* _Stored data_
##############################
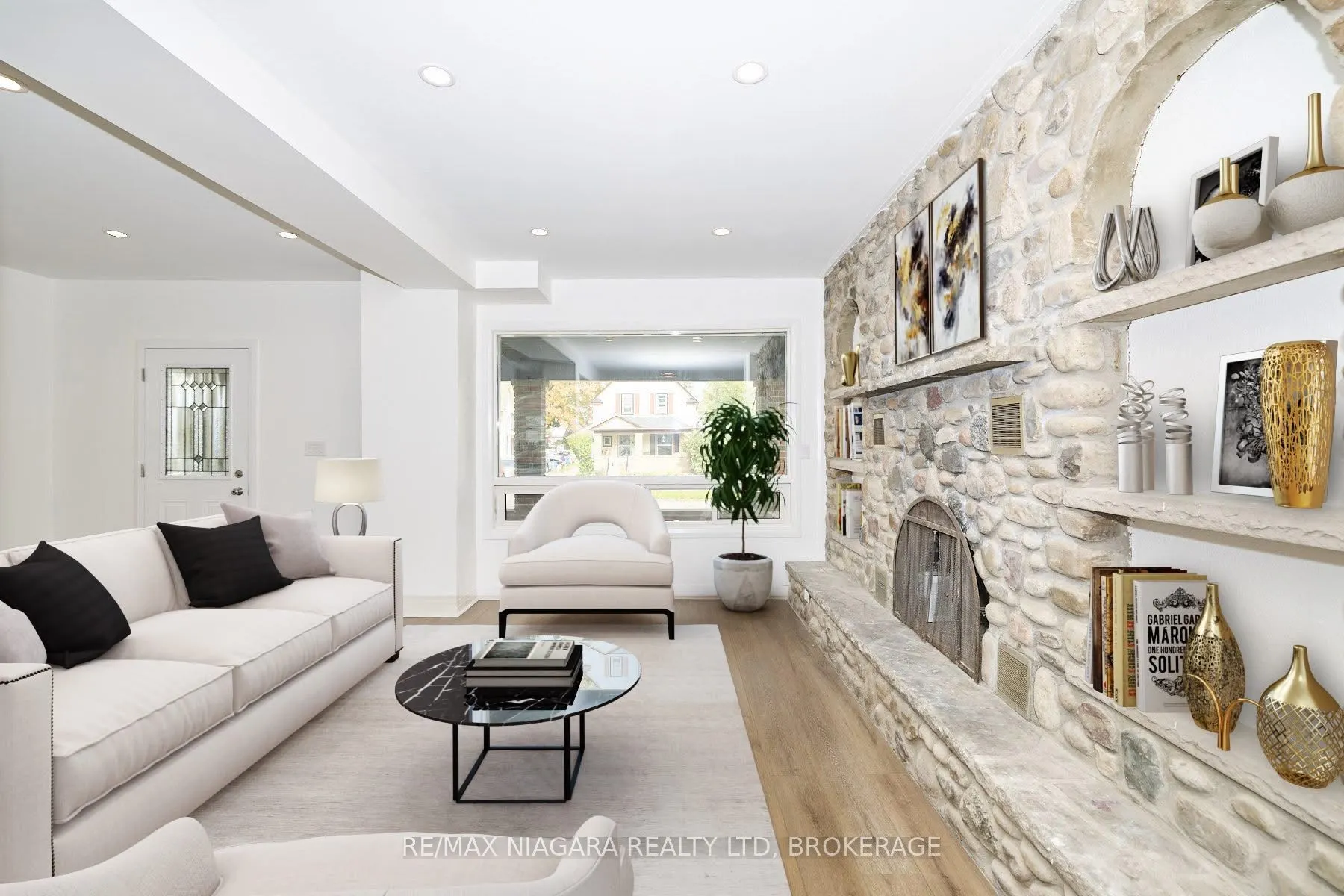 253 Dufferin Street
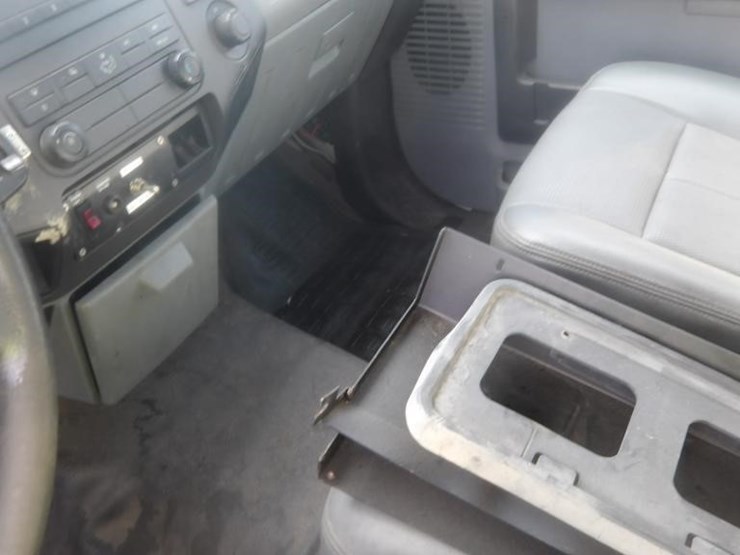 2015-ford-f350-image-26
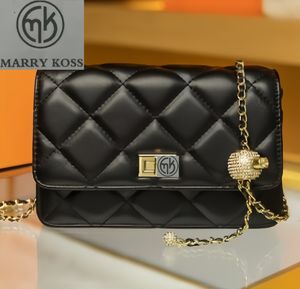 2024 Torba designerska torba łańcuchowa Mała Złote Ball Zestaw Diamentowe pojedyncze ramię w torbie Crossbody Mała torba Crossbody Wymienna torba Logo Marry Koss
##############################
Your answer must be an exact copy of the listing, minus its pictures.

 253 Dufferin Street
 2015-ford-f350-image-26
 2024 Torba designerska torba łańcuchowa Mała Złote Ball Zestaw Diamentowe pojedyncze ramię w torbie Crossbody Mała torba Crossbody Wymienna torba Logo Marry Koss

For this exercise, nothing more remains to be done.